Sabbatai Zevi - in Istanbul

In Istanbul

At the beginning of the year 1666, Sabbatai left Smyrna for Istanbul (the Ottoman Empire's capital, then known in the Christian West as Constantinople.) He may have been forced to do so by city officials or hoped for a miracle in the Turkish capital. Nathan Ghazzati had prophesied that Sabbatai would place the sultan's crown on his own head. However, the grand vizier, Ahmed Köprülü, ordered Sabbatai's immediate arrest upon arrival and had him imprisoned, maybe to avoid any doubts among local and foreign observers of the imperial court as to the mettle of state power still wielded by the Turkish Sultanate and by the Sultan himself.
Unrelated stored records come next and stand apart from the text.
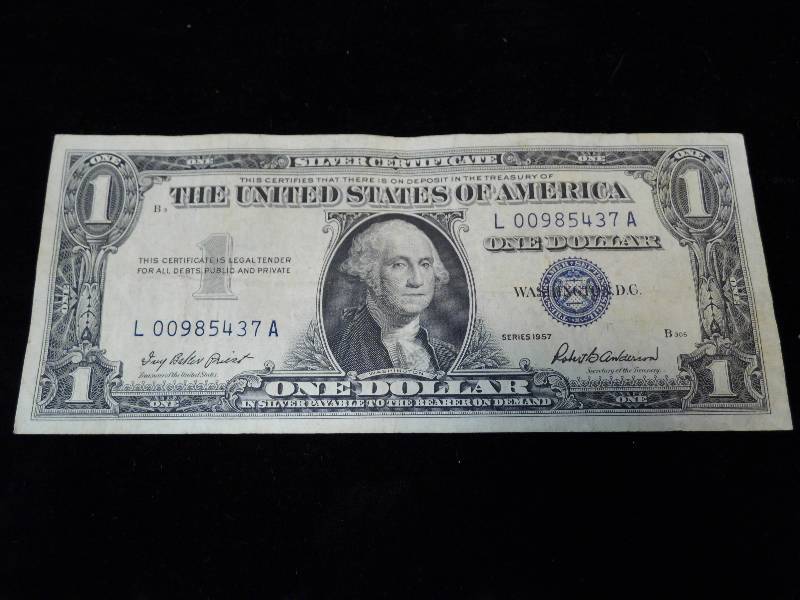 $1 Silver Certificate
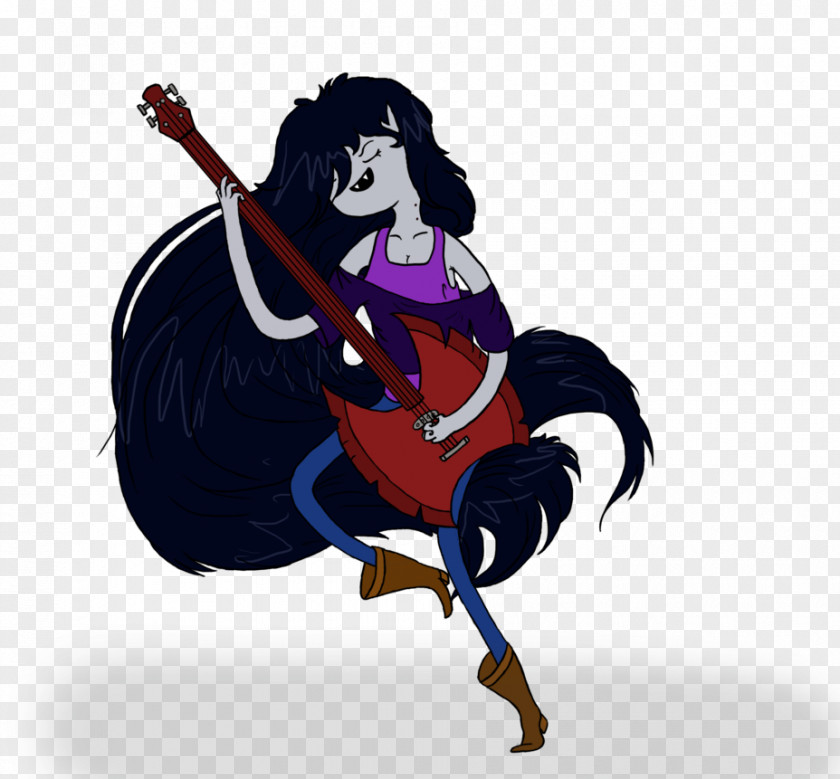 Marceline The Vampire Queen Princess Bubblegum Drawing PNG
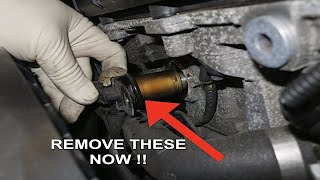 **REMOVE THESE** FROM YOUR BMW IMMEDIATELY !!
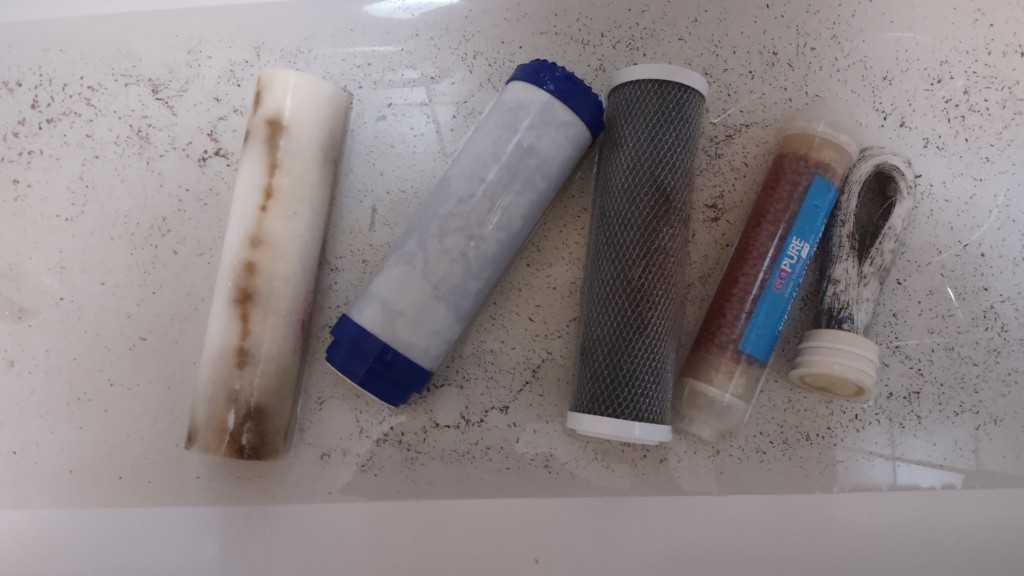 Filter maintenance Filter maintenance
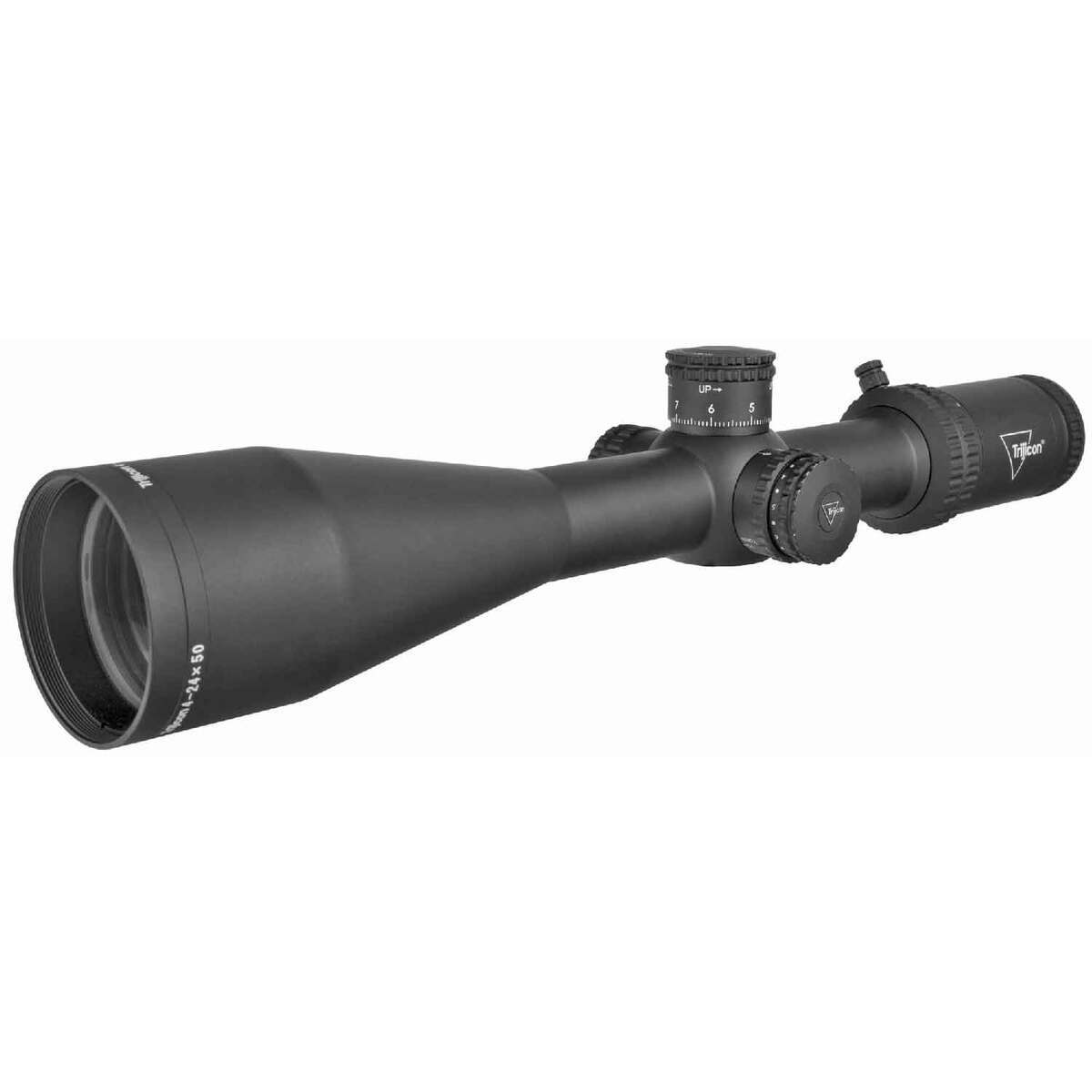 Trijicon Tenmile 4-24x 50mm Rifle Scope - MRAD Ranging - Black Trijicon Tenmile 4-24x 50mm Rifle Scope - MRAD Ranging - Black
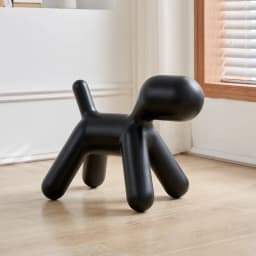Nordic Balloon Dog Style Chair Simple Home Living Room Small Stool Animal Seat Cartoon Puppy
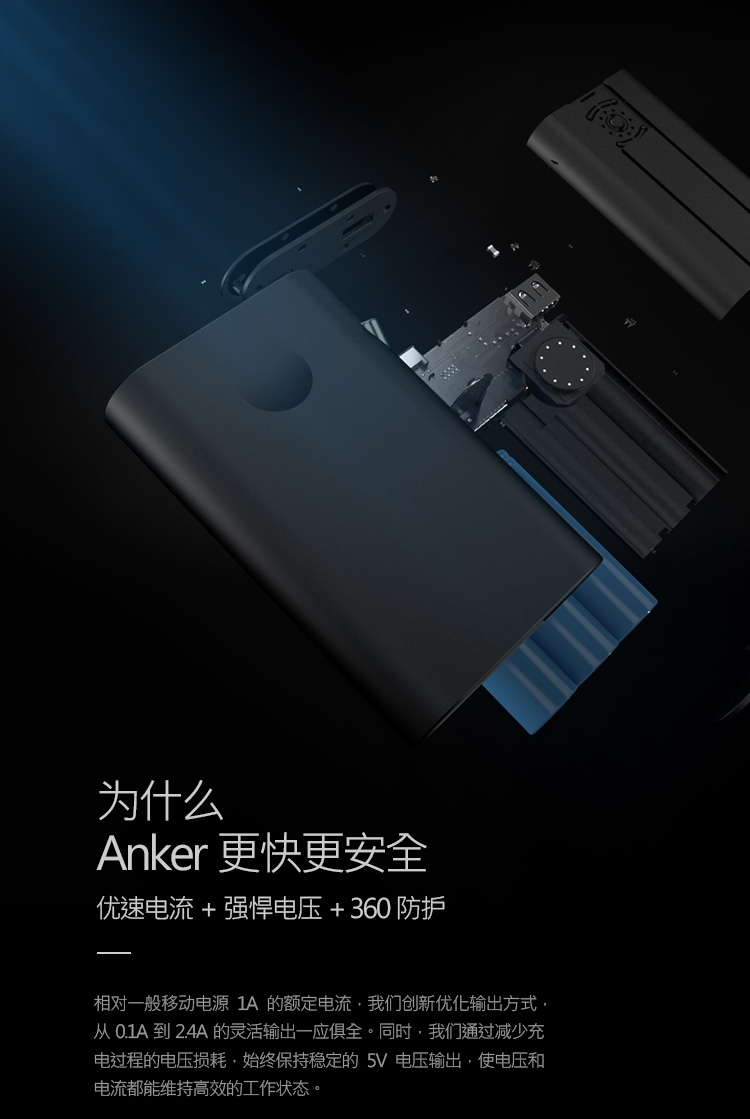 Bộ sạc Anker + Sạc Poin 2-trong-1 Switch Áp dụng cho Apple Mobile Mobile Travel Travel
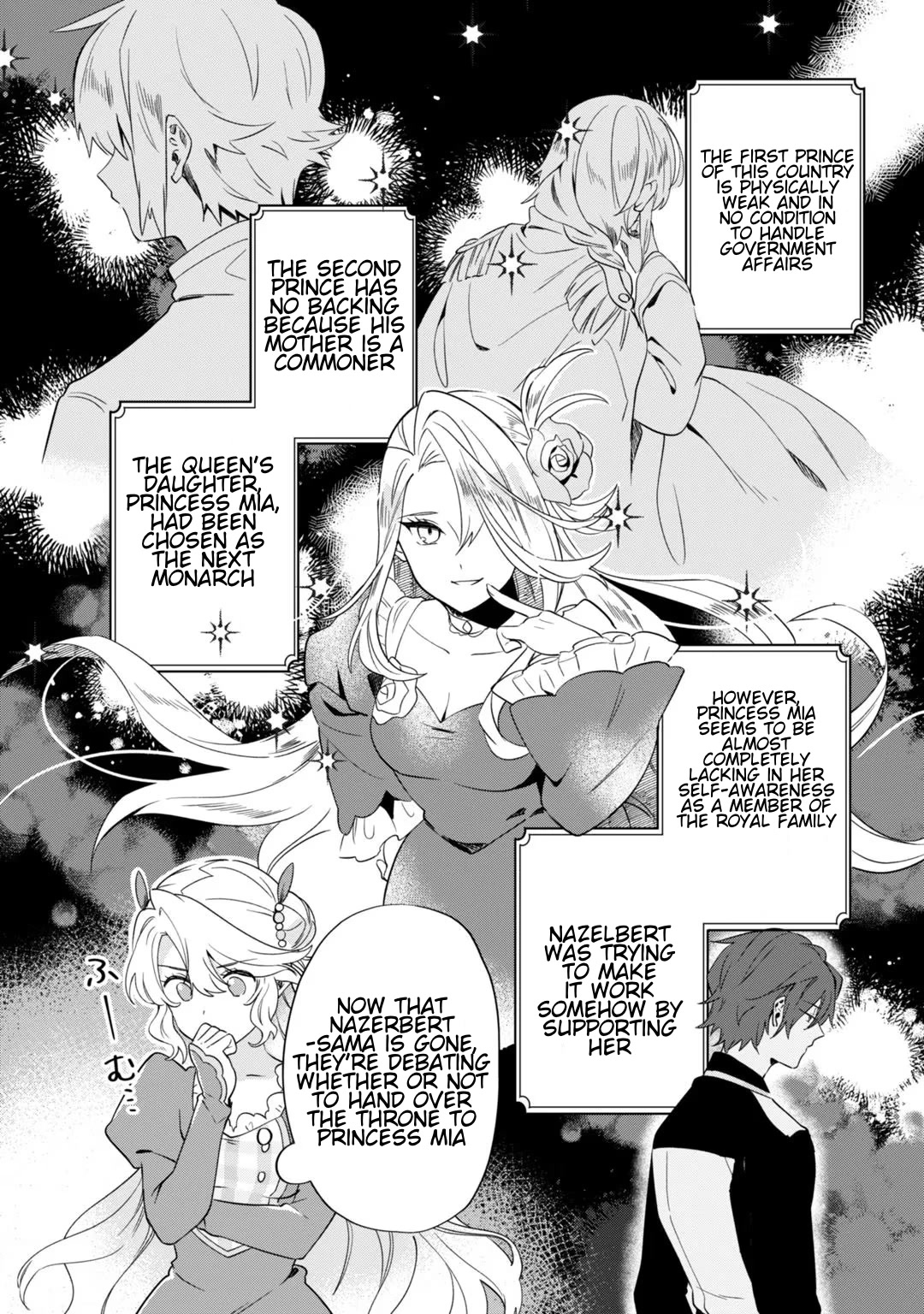I'm an Unfashionable Lady, but When I Helped a Villainous Young Lord He Ended up Liking Me Chapter 3 page 32 - Chapter 3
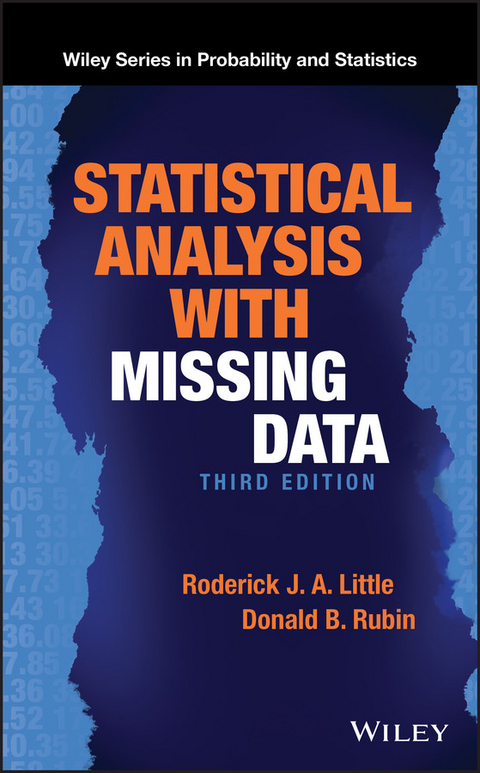 Statistical Analysis with Missing Data - Roderick J. A. Little, Donald B. Rubin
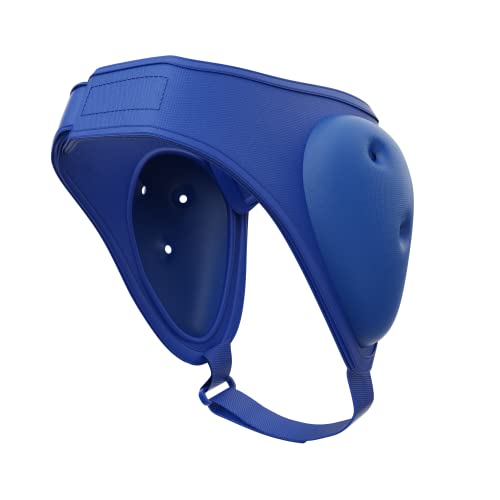 Snapdown Wrestling Headgear, Soft Adjustable Ear Guard for Adults and Youth, MMA and BJJ, One Size - color: Royal Blue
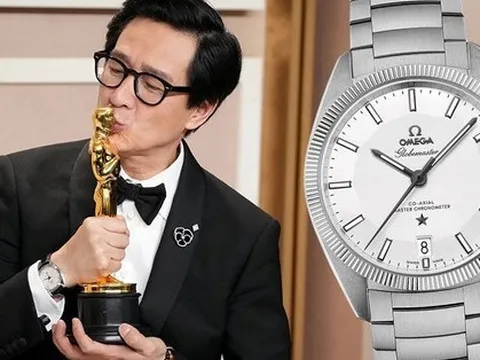Thương hiệu đồng hồ 'thắng lớn' tại Oscar 2023: Quan Kế Huy và hàng loạt nam diễn viên đình đám đều diện, giá 80 tỷ đồng/ chiếc vẫn có người ‘chốt đơn’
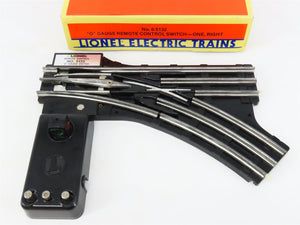 O Gauge 3-Rail Lionel 6-5132 Righthand Remote Switch Track Piece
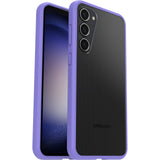 OtterBox React Samsung Galaxy S23+ 5G (6.6") Case Purplexing (Purple) - (77-91307), Antimicrobial, DROP+ Military Standard, Raised Edges, Hard Case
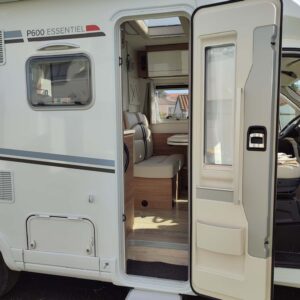 Camping car profilé Pilote P600 essentiel  Fiat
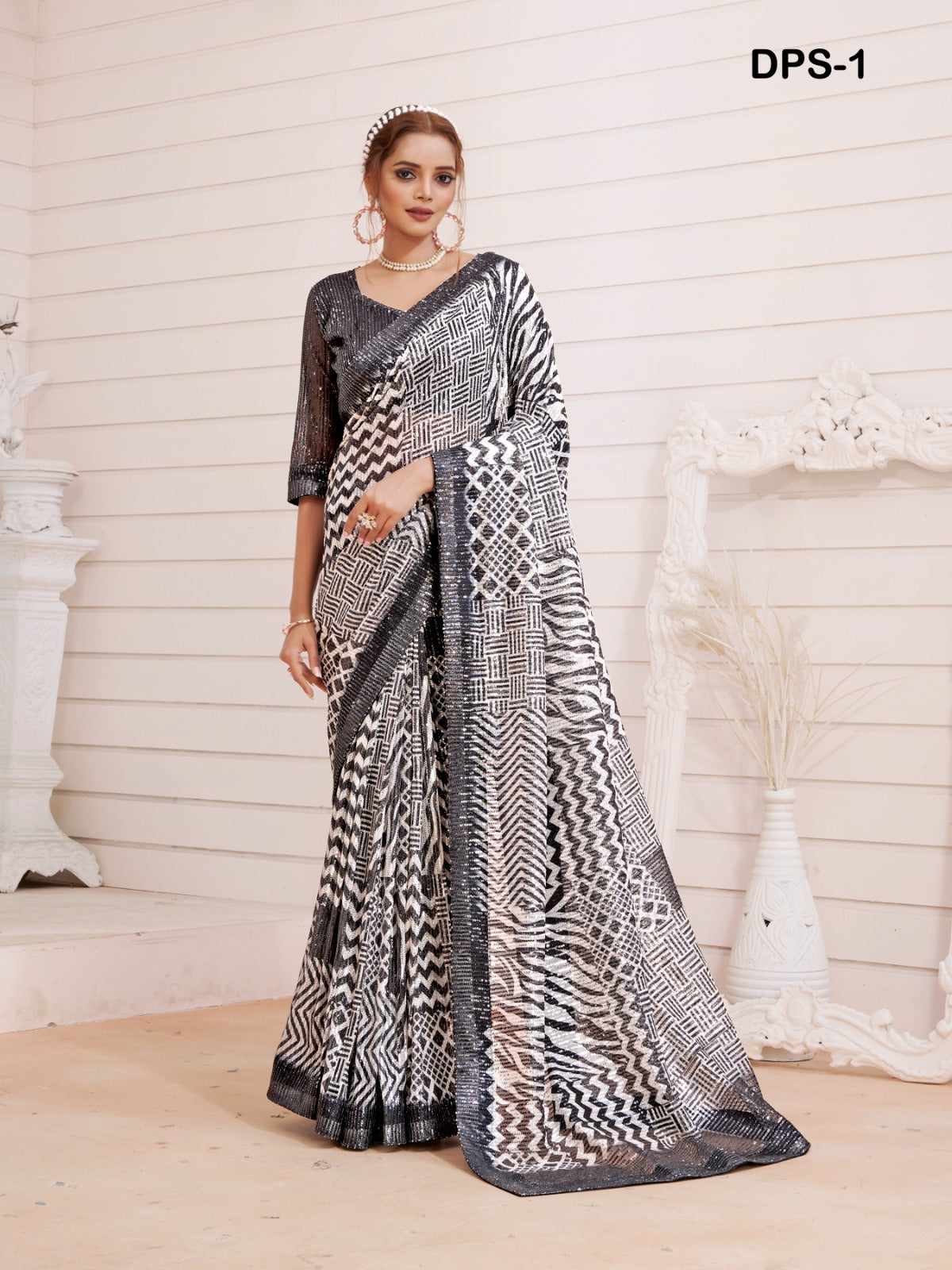 Fancy Regular Wear Saree - Anant Tex Exports Private Limited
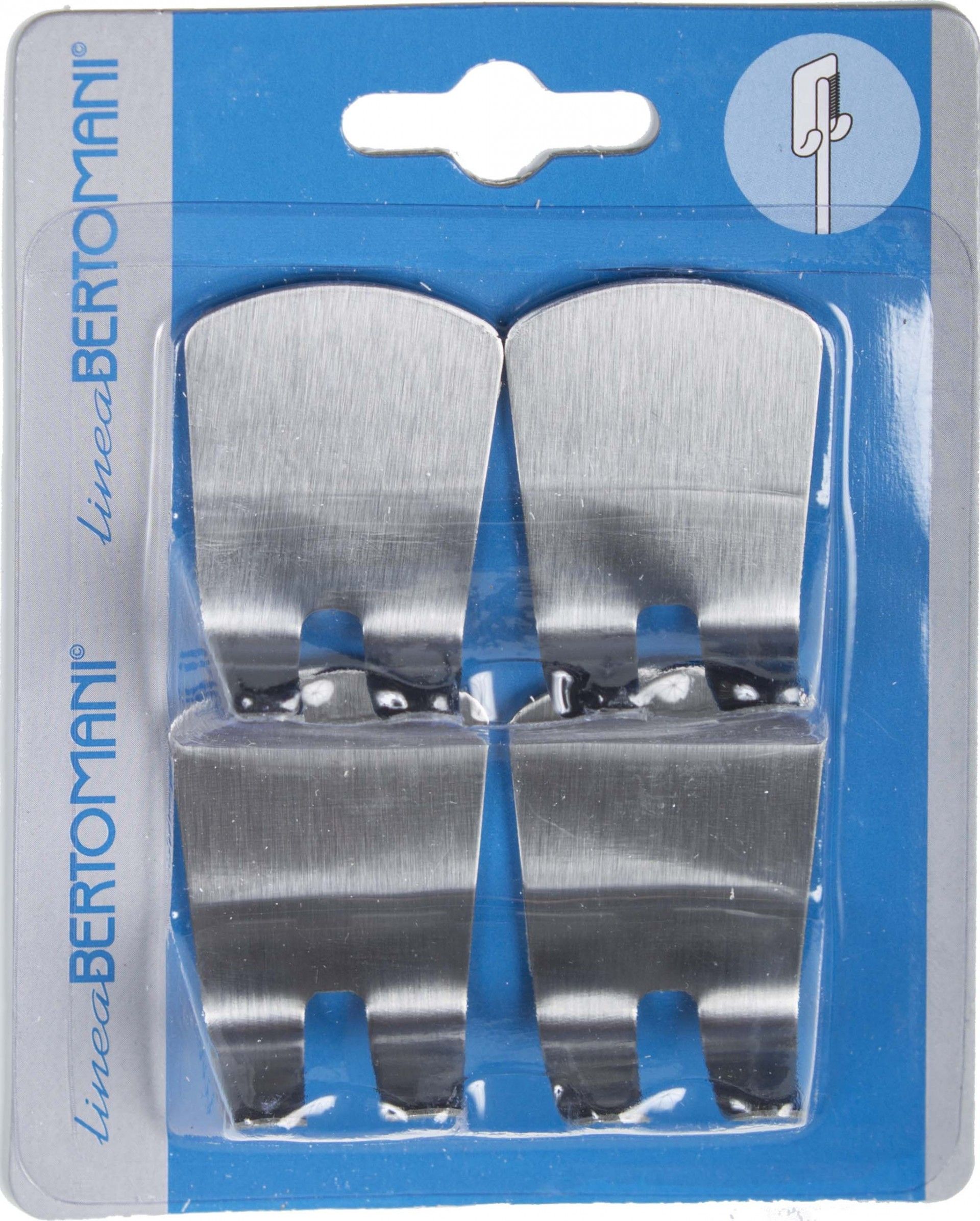 Ganchos Adesivos 4 Unidades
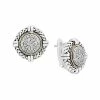 Effy Fine Jewelry Effy Silver 0.29 Ct. Tw. Diamond Earrings Women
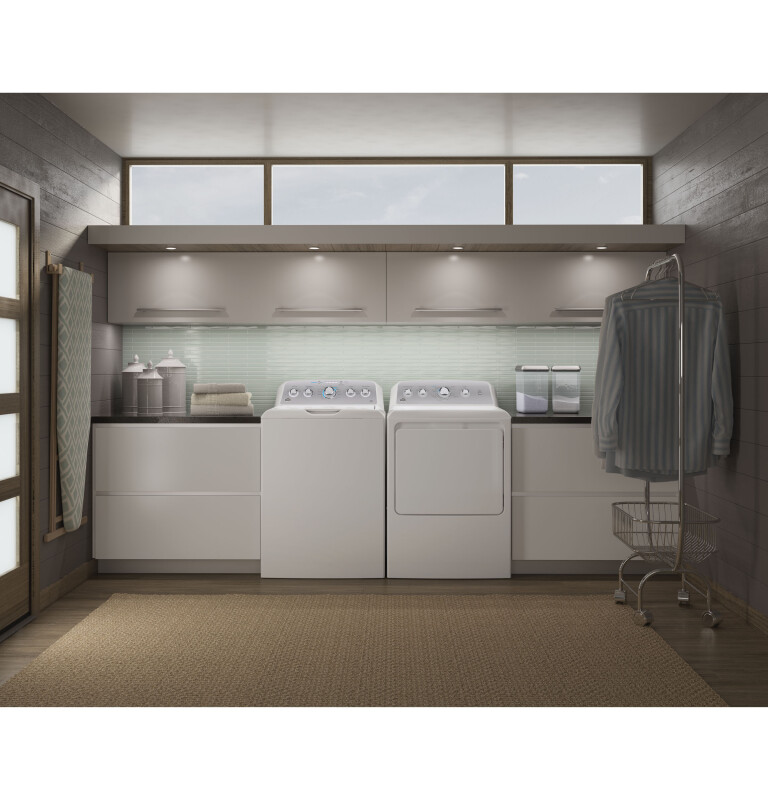 4.6 cu. ft. Capacity Washer with Stainless Steel Basket GTW540ASPWS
Sabbatai's imprisonment had no discouraging effect either on him or on his followers at this initial stage. The lenient treatment to which he was subjected in prison, which may have been secured by means of bribes, seems to have rather strengthened his immediate circle of followers in their messianic beliefs. In the meantime also, all sorts of fabulous reports concerning the miraculous deeds which "the Messiah" was performing in the Turkish capital were spread by Ghazzati and Primo among the Jews of Smyrna and in many other communities, and the messianic expectations in the Jewish diasporas seem to have raised initially to a still higher pitch with the move to the capital of the Empire.